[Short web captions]
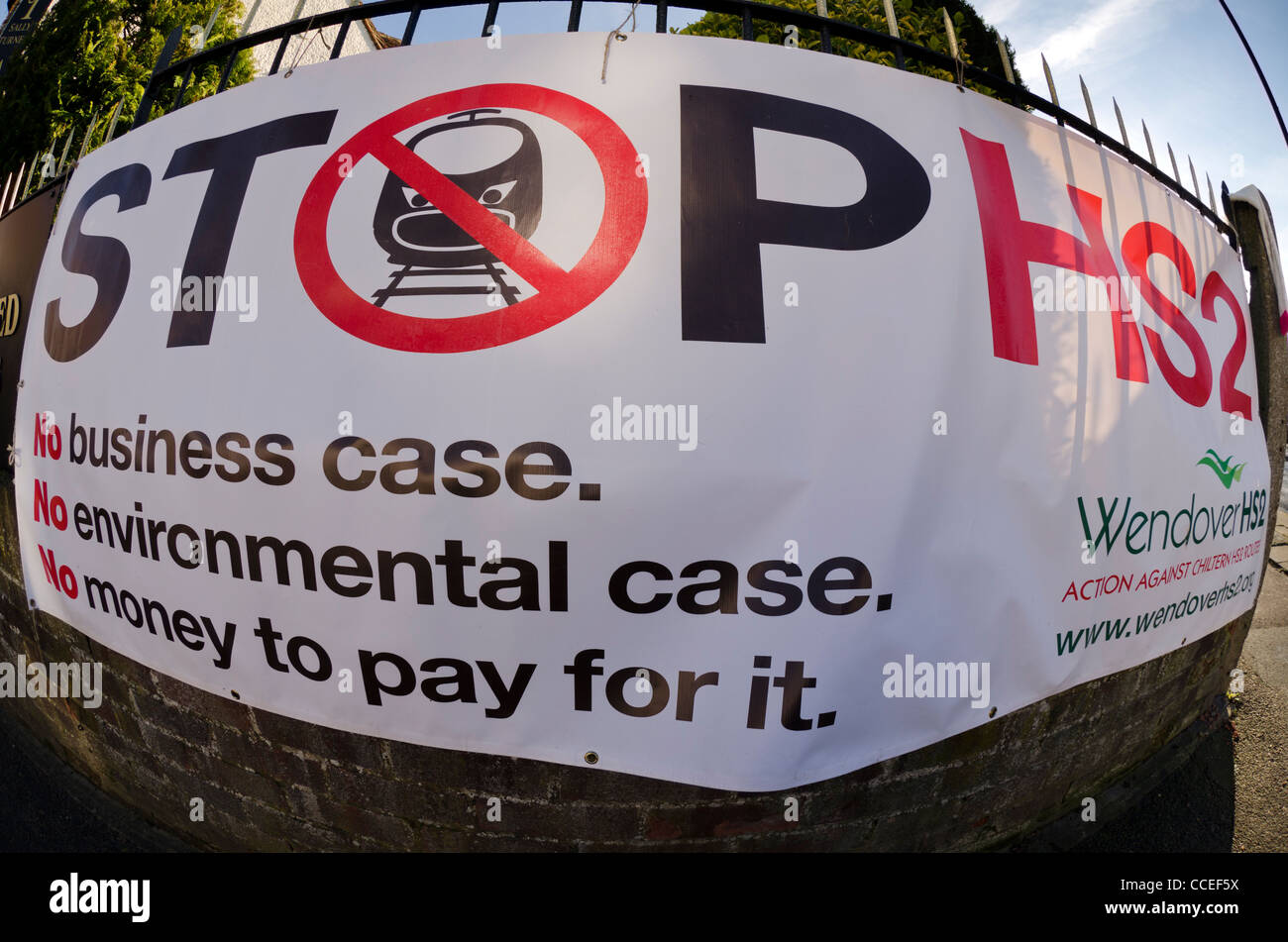 Detener el HS2 campaña de protesta banner en Wendover Bucks UK Foto de stock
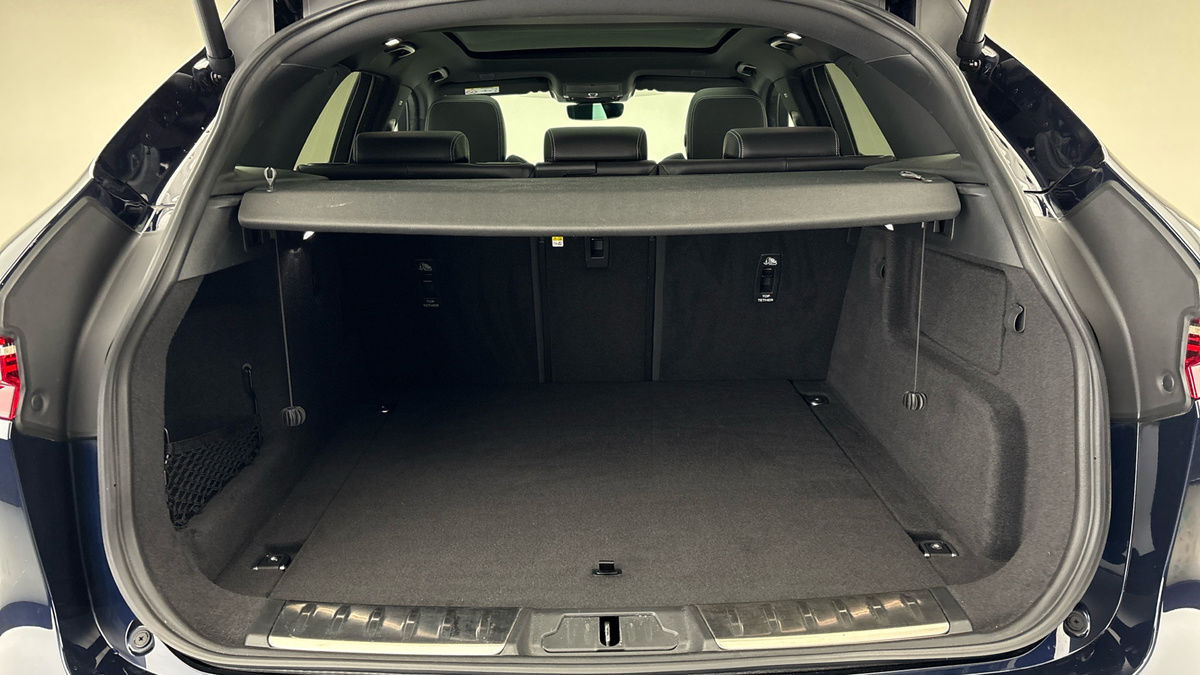 Used Jaguar F-Pace 2022 for sale - 77766109: Photo 11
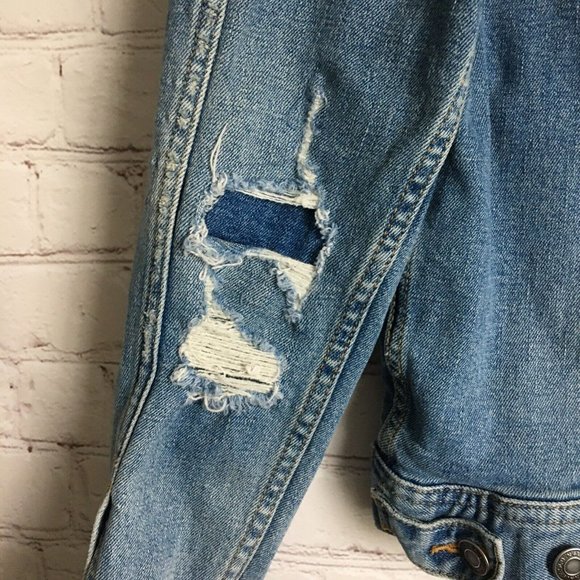 Old Navy Distressed Jean Jacket M Patched Frayed Destroyed Denim Trucker - Picture 4 of 9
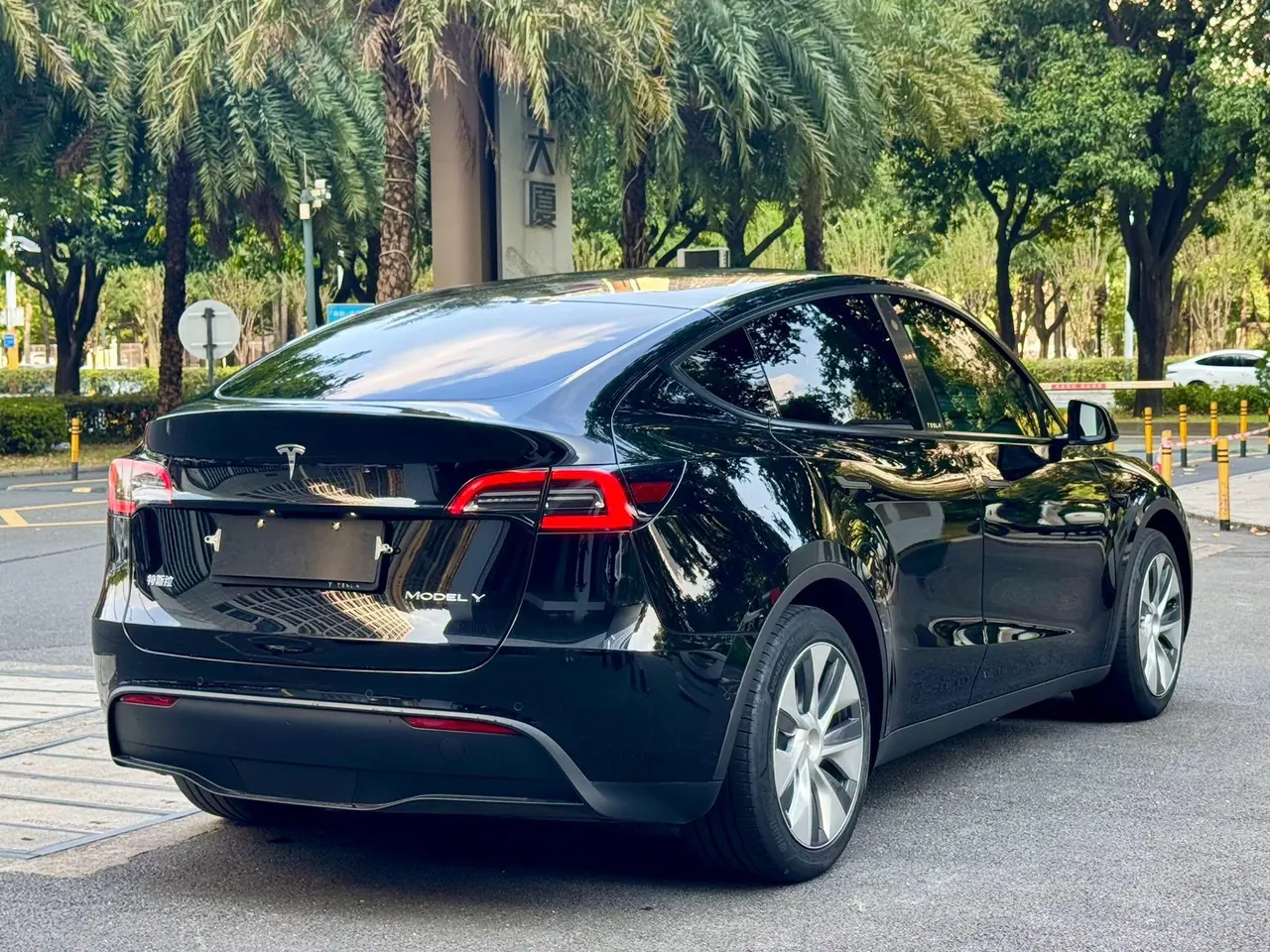 Tesla 2022 Model Y rear-wheel drive version automatic transmission 14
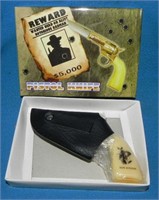 NIB Roy Rogers Pistol Shaped Pocket Knife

Exercise instructions:
A faithful copy of every record is required, with no pictures included.

The completed task:
 Detener el HS2 campaña de protesta banner en Wendover Bucks UK Foto de stock
 Used Jaguar F-Pace 2022 for sale - 77766109: Photo 11
 Old Navy Distressed Jean Jacket M Patched Frayed Destroyed Denim Trucker - Picture 4 of 9
 Tesla 2022 Model Y rear-wheel drive version automatic transmission 14
 NIB Roy Rogers Pistol Shaped Pocket Knife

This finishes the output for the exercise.